As tuc repeatedly reminds us, it was not the existing Regulations that were the problem, but simply that they were deliberately suborned in accordance with orders from the highest levels! Better to get back to enforcing them, you would have thought, before completely and continuously revising them. Unbelievably the dilemma is that many of the Regulations were pulped even as those who were experienced in their implementation were sacked. So the MAA finds itself with a barren wasteland but, like many an RAF Board of Inquiry before them, under strict orders not to ask why.
If this were but a case of blundering staffing bogged down in endless paperwork one could sympathise but shrug it off with a "Well, what can you do?". But this is aviation and it doesn't tolerate such fatalism. 62 people have died in UK Military Air Accidents featured in this forum alone. The real total is almost certainly very much higher, but we shall never know because they were investigated by the very operator that suffered them.

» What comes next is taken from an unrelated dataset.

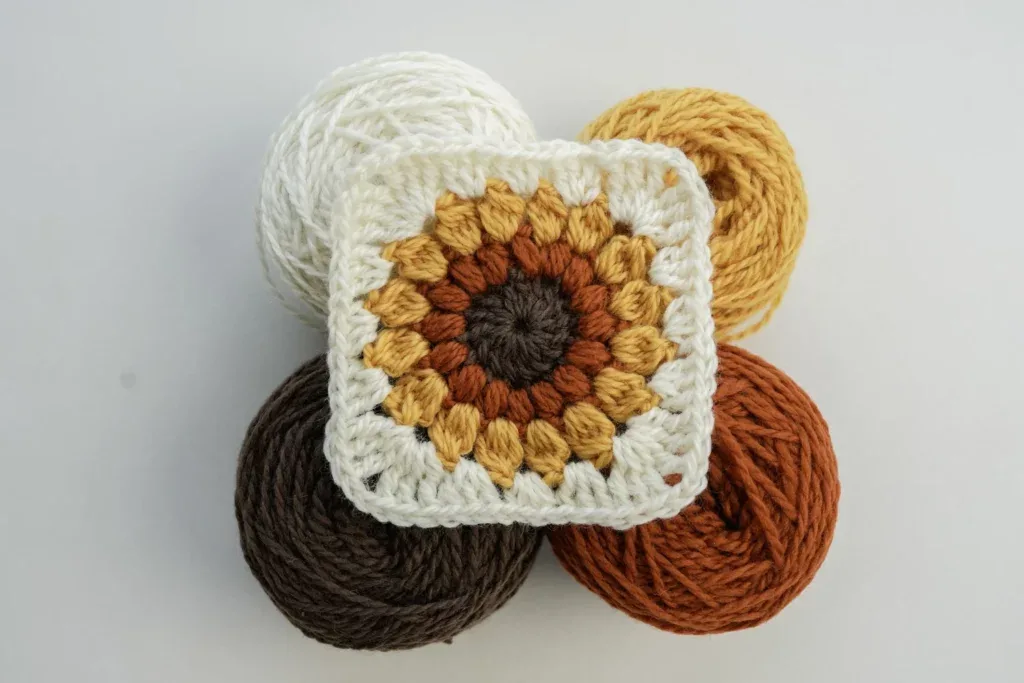 Sunburst Granny Square: The Classic 4-Color Puff Stitch Pattern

Airworthiness related Military Air Accidents will go on happening, and the death-toll will go on rising, because the Regulator, the Operator, and the Investigator, are one and the same. Both Regulation and Investigation are as prone to unwarranted interference as ever, no matter what the sign says at the gate.
If that isn't the case why doesn't the MAA state unequivocally that Haddon-Cave's "Golden Age" of Airworthiness provision was in reality one of corruption, gross negligence, and deceit? It was in that "Golden Age" that illegal RTS's were issued to knowingly unairworthy types and the ARTs, that desperate attempt by DFS to air the scandal, were buried without ceremony.
The longer this scandal grinds on the longer the RAF's honour is sullied and the longer its aircraft will lack airworthiness. It has to bite the bullet, come clean, and face up to the gross betrayal by its leadership. Meanwhile the MAA and MAAIB must be released from the thrall of the MOD and be given real independence to get on with their vital work of avoiding avoidable accidents.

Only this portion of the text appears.